Leaders should give employees trust – a meaningful demand, but also an ambitious one. Our colleague Patrick Wiederhake explains in the “Healthy Leadership Vlog” of our client Bayer AG why the opposite of trust is not mistrust and how leaders can deal with the demand for trustworthy leadership.
What does trust feel like?
When was the last time you felt that someone really trusted you? What was the feeling like?
If you’re anything like me, you experienced it not as one feeling, but as several. Perhaps a mixture of energy, gratitude, joy, uncertainty, responsibility.
When I Thorsten from Bayer AG invited me to write this blog for their healthy leadership initiative, that’s exactly what I felt. I was delighted to have the opportunity and by his trust in my ability to offer something of relevance. When I began to think about the concept of trust, it grew ever bigger in my mind – as did the uncertainty of being able to narrow it down in a meaningful way. The pressure was mounting, I did not want to disappoint. Then I got Covid, many equally important things fell by the wayside and writing was out of the question. When I told Thorsten that the delivery of the piece would be delayed and he responded merely with “get yourself well first, I’ll take care of the rest – let me know if there’s anything I can do”, his trust in me was greater than the trust I had in myself. I was grateful, got well again – and shortly afterwards, I got down to work.
Why it’s so important to feel trusted.
Trust is the foundation for everything we do. When we come into the world, we depend on others to take care of us. And we know, intuitively, that they will. A baby cries because it hopes that someone will respond. As we grow up, this trust is confirmed and rewarded at best – we learn that we can rely on others. Our parents are there, even if we can’t always see them. We are protected when we can’t protect ourselves. Somebody takes responsibility for making sure that we are okay – until we are able to do this ourselves. Only by trusting in this protection can we have our own experiences without fear, try things out, take risks, learn new skills. Only in this way do we develop trust in ourselves.
We see how important this is when trust is not rewarded. When people are let down in their initial relationship experiences, this often stays with them for life. The acquisition of skills and independence thus takes place not out of a sense of exploration and curiosity, but due to a feeling of defensiveness: if I don’t learn to take care of myself, I’m lost. Also in this case people learn – but the sense of insecurity remains.
We also experience another aspect of trust from an early age: if, as children, we are always caught before we can ever fall, then we never learn our own limits. Children need to be able to find their limits, make mistakes, get hurt. They need to learn that their behavior has consequences for them, and that they can avoid making the same mistake next time. That’s how they build trust in their own abilities.
It’s that fine line. Always getting a little bit more freedom, always feeling just that little bit more confident that should be. And, on the other hand, always knowing that we are protected from mistakes that cannot be corrected. That there is someone who knows what we are capable of. That is the formula for growth and fearlessly acquiring competence.
Also in the working environment, receiving trust to exactly the right extend is not for granted. Rather, trust is a gift, because
- trust is always voluntary.
We cannot force anybody to trust us. We desire it, sometimes we expect it. And yet: someone else always decides how much trust is to be placed in us.
- trust is appreciation.
When someone trusts us, we hear “you’re important here,” “you can do this,” “I can count on you.” Concrete trust is much more appreciation than any unspecific praise.
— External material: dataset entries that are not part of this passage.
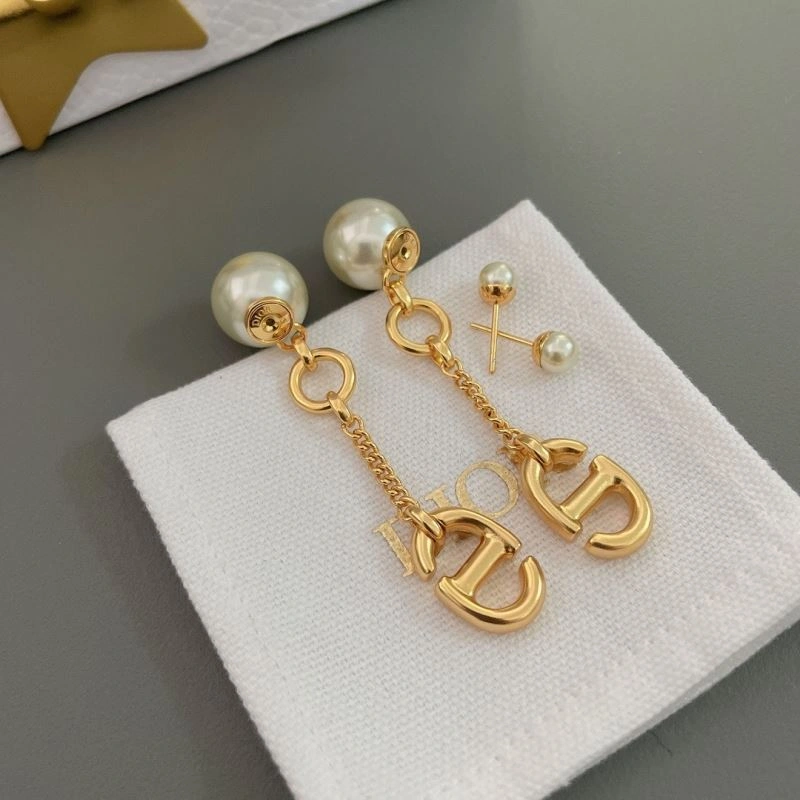 Cozy Christian Dior Earrings 235272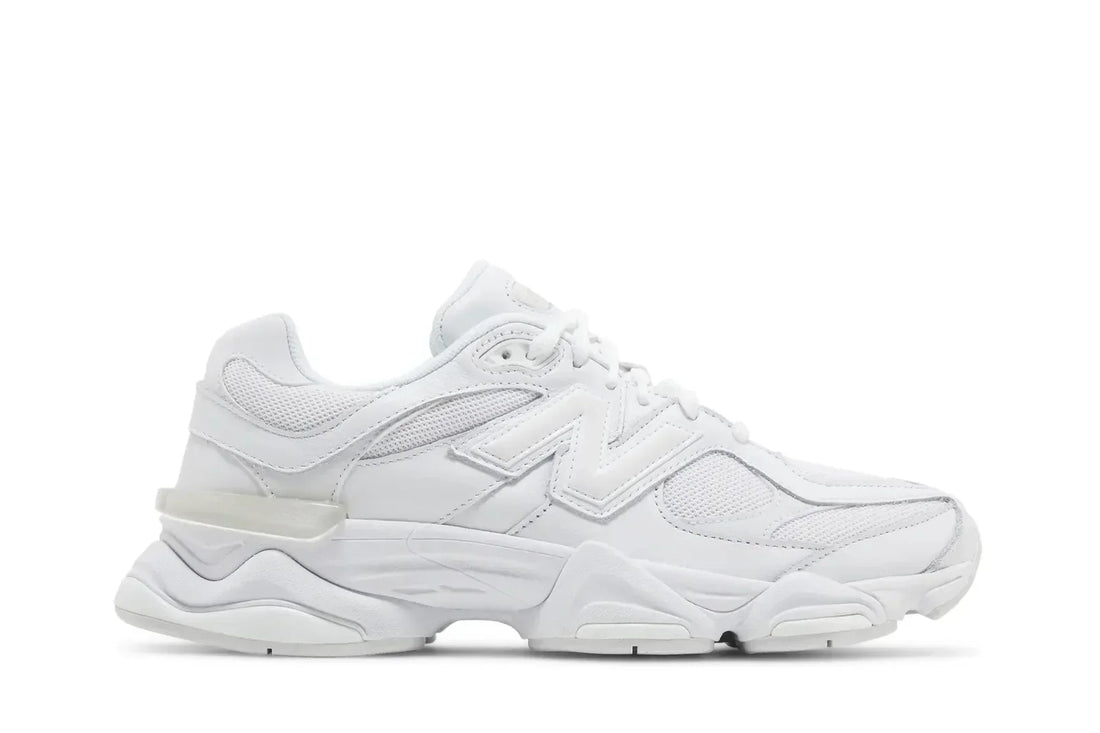 Tênis New Balance 9060 Triple White vista lateral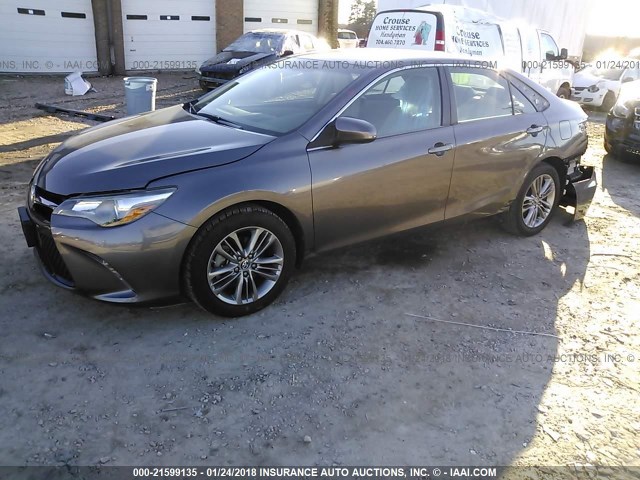 4T1BF1FK5FU036074 - 2015 TOYOTA CAMRY LE/XLE/SE/XSE GRAY photo 2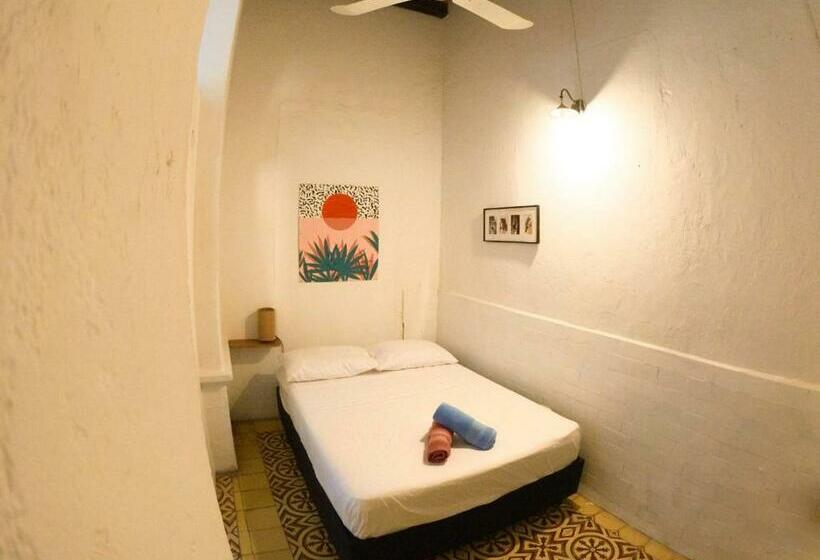 اتاق استاندارد با سرویس بهداشتی مشترک, Hostal Españolete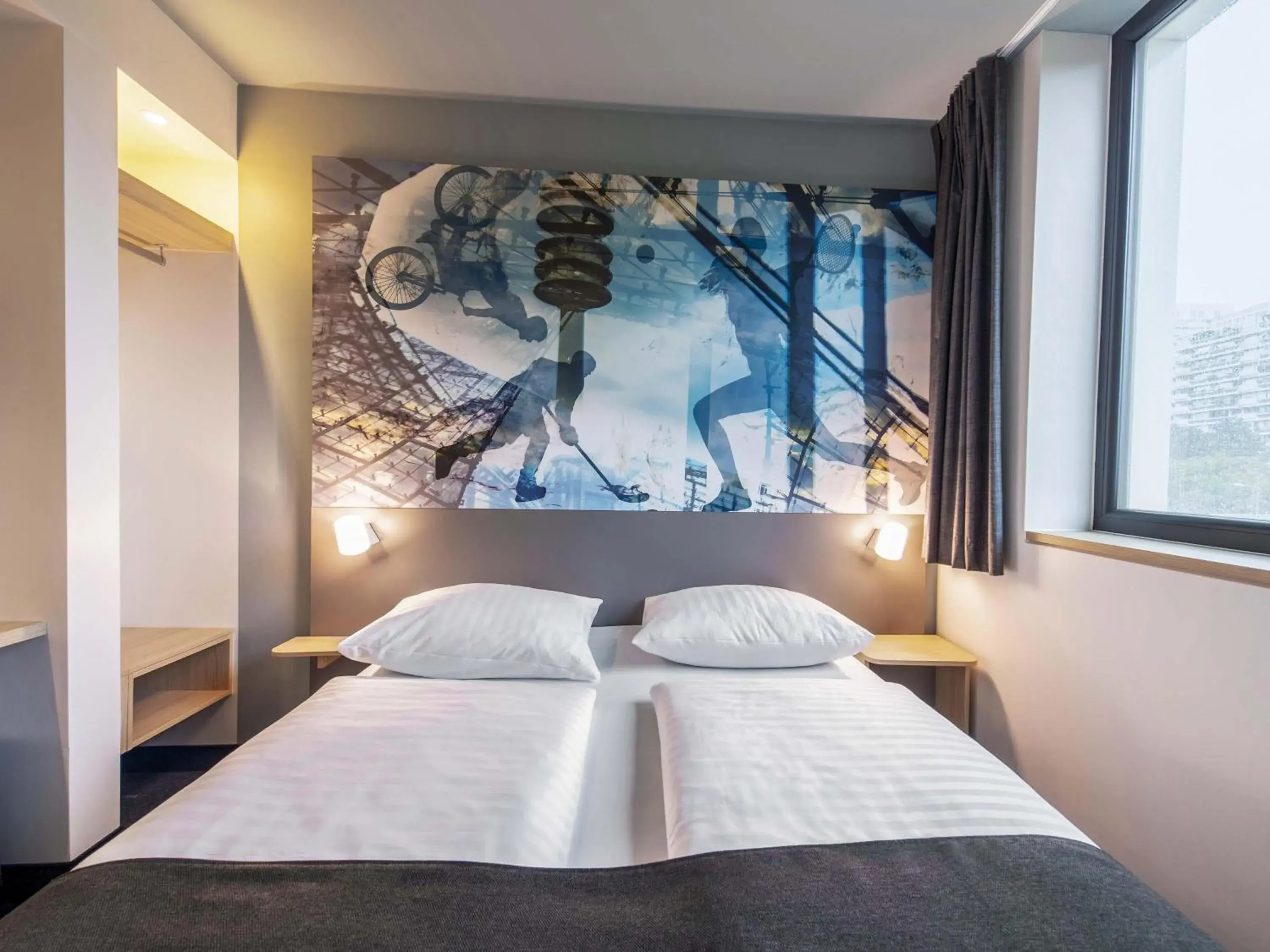 Standard Double Room - single occupancy in B&B Hotel München-Olympiapark Standard Double Room - single occupancy in B&B Hotel München-Olympiapark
- trust of others strengthens our self-confidence.
We all have insecurities and fears. Sometimes, we don’t make a start on something because we don’t trust ourselves to do it. The trust of others then increases our confidence at times when we lack it.
- trust is possibility.
When someone trusts us, they give us the freedom to do something that we would otherwise not be able to do alone.
When we feel trusted, it gives us energy. So, we get to work, when otherwise we would not have done so. Trust helps us out of our comfort zone. It helps us to move away from the realm in which we feel safe. When the trust that we receive from others is somewhat greater than the trust we have in ourselves, we begin to grow. And we gain new courage.
Why trust doesn’t come easy when you are a leader
In a leadership context, trust is demonstrated by delegation of responsibility. Responsibility leads to room for maneuver. Room for maneuver is a prerequisite for satisfaction and health at work. This is exactly what managers want for their employees. Why do we still often find it difficult to hand over responsibility and show trust?
Trust is a word with at least three opposites:
- The opposite of trust is control
“Trust is good, control is better” is a phrase that is familiar to every child who grew up in 20th-century Germany. Technically, trust consists of the certainty that a person or system will behave as planned and expected. Control involves fulfilling one’s responsibility to check the quality of this prediction. That’s why products are tested, even if the production process is long established. That is why we look at employees’ work results. Too much control is not efficient. Too little means that systematic errors are overlooked. Defining the level of control thus becomes a technical, substantive discussion.
- The opposite of trust is indifference
I only show trust when the results matter to me. If I say “Do what you want, it’s okay” and I don’t care about the consequences, then I am not demonstrating trust. Trust is always revealed by your own vulnerability. I demonstrate trust when there is also something at stake for me.
- The opposite of trust is fear
The opposite of trust is not mistrust. Mistrust is only the symptom. On an emotional level, fear is the opposite of trust. If I can’t trust someone without having concrete evidence, this is based on the fear of being disappointed, of being vulnerable. Trust is a gift because we must overcome our fears in order to trust.
Trust has two facets: trust in skills (also referred to as confidence) and trust in intentions (loyalty, goodwill, values, etc.) Both facets of trust come to people with varying degrees of ease.
It is difficult to place trust in someone or something – or, rather, to place the right amount of trust in them – because
- I need to be able to objectively assess how well that person (or that system) will perform a task and will make the right decisions in the process. And this also in line with my interests.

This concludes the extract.